理容室は男性が「男らしく」なりに来るところ~『バーバーショップ・クロニクルズ』(配信)

 ナショナル・シアターの配信で『バーバーショップ・クロニクルズ』を見た。イヌア・エラムス作、ビジャン・シェイバニ演出のものである。これはナショナル・シアター・ライヴのラインナップに全く入っていなかったものなので、配信されるとは予想しておらず、さらにアーカイヴ映像なのにふだんのNTライヴとあまり変わらない撮影クオリティでビックリした(NTライヴで上映予定のない上演アーカイヴ映像は、若干撮影が手抜き気味のもある)。配信が初公開らしいのだが、テレビ放映でもするつもりだったのかな?

www.youtube.com

 かなり複雑な話で、ロンドン(英国)、ラゴス(ナイジェリア)、ヨハネスブルク(南アフリカ)、カンパラ(ウガンダ)、アクラ(ガーナ)、ハラレ(ジンバブエ)の理容院を舞台に、男たちの悲喜こもごもを描いた作品である。登場人物も多いし英語もかなり難しく(アフリカの英語で、まあ日本語でいうと濃い広島弁とか津軽弁みたいなものだと思ってもらえればいいのか、とにかくわからない単語がいっぱいある)、さらに私はこの作品の大きなモチーフであるサッカーの知識があまりないので、正直一度見ただけで全部理解できたとはあまり思えないのだが、とてもよくできた作品だ。かなり深刻な内容を扱っていると思うのだが、笑いも音楽やダンスもあり、とくにラップの選曲センスがすごくいい。

 

 基本的にはコミュニティの中心である理容院にアフリカ系の男たちが集って、サッカー観戦をしながら政治やら音楽やら家族やらいろんな話をするというものだ。男らしさにまつわるさまざまなトラブルを正面から扱ったもので、大きなテーマとして父子関係の問題がある。昔みたいなお父さん像ではもうやっていけない、どうやって良い父親になったらいいのだろうか、というような問いかけが続く作品で、とくに若いサミュエル(フィサヨ・アキナデ)まわりの人間関係が終盤のキモになっている。
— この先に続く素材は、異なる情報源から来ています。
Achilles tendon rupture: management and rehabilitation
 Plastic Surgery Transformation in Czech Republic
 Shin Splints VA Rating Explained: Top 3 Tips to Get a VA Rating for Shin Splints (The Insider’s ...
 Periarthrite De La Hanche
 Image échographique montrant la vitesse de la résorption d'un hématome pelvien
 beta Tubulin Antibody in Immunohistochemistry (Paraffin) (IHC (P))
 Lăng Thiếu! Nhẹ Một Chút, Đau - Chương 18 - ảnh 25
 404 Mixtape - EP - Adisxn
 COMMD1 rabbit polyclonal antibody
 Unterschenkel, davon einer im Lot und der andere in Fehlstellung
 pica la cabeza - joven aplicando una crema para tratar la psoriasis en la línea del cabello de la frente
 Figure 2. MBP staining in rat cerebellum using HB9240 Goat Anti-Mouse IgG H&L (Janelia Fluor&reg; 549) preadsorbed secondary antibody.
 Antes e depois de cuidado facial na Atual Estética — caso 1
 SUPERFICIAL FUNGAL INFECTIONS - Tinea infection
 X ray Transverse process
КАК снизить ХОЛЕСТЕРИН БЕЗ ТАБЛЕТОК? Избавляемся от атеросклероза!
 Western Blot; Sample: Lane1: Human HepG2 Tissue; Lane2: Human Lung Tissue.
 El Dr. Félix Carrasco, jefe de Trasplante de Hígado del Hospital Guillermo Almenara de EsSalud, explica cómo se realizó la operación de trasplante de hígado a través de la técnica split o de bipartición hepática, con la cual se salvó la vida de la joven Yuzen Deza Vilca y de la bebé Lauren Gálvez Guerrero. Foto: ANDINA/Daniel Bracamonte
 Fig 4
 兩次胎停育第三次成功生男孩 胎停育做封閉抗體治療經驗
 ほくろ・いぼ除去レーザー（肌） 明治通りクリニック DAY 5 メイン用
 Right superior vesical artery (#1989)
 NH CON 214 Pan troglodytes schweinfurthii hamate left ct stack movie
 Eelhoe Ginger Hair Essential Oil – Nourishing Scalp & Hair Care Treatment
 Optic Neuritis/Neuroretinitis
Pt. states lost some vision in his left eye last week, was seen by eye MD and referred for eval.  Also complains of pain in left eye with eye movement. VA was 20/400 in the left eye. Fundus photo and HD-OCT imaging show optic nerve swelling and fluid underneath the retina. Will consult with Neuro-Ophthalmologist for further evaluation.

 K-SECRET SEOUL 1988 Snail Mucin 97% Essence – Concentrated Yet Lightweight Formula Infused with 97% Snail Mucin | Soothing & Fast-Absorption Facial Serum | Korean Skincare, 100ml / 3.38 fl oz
 理容院というのは男性が見た目を整える場所で、つまり男たちは理想の男みたいな姿になりたくて理容院にやってくる。この映画では何度かラッパーみたいな髪や髭に…というリクエストをする男たちが出てくるのだが、黒人男性の男らしさの理想像というのは今ではラッパーみたいな容姿だということが示されている。しかしながら、理容院の男たちは見かけを整えて男らしく見せたいという気持ちはあっても、いろいろなトラブルを抱えている。その様子をかなり鋭く描きだしていく。

 

 正直、完全に個人的な好みの問題で私はけっこうこの芝居はキツかった。私は『ジトニー』とか『モジョ』とかもよく出来ているとは思うもののかなり苦手だったので、たぶんこういう男の人がいっぱい出てきてひたすら男性同士の深刻な人間関係の問題がつらく苦しく描かれるみたいな芝居が得意ではないのだろうと思う。笑うところがあっても、なんかたまにとてもイヤな気持ちとか悲しい気持ちになるところがあり、イマイチ後味が良くない。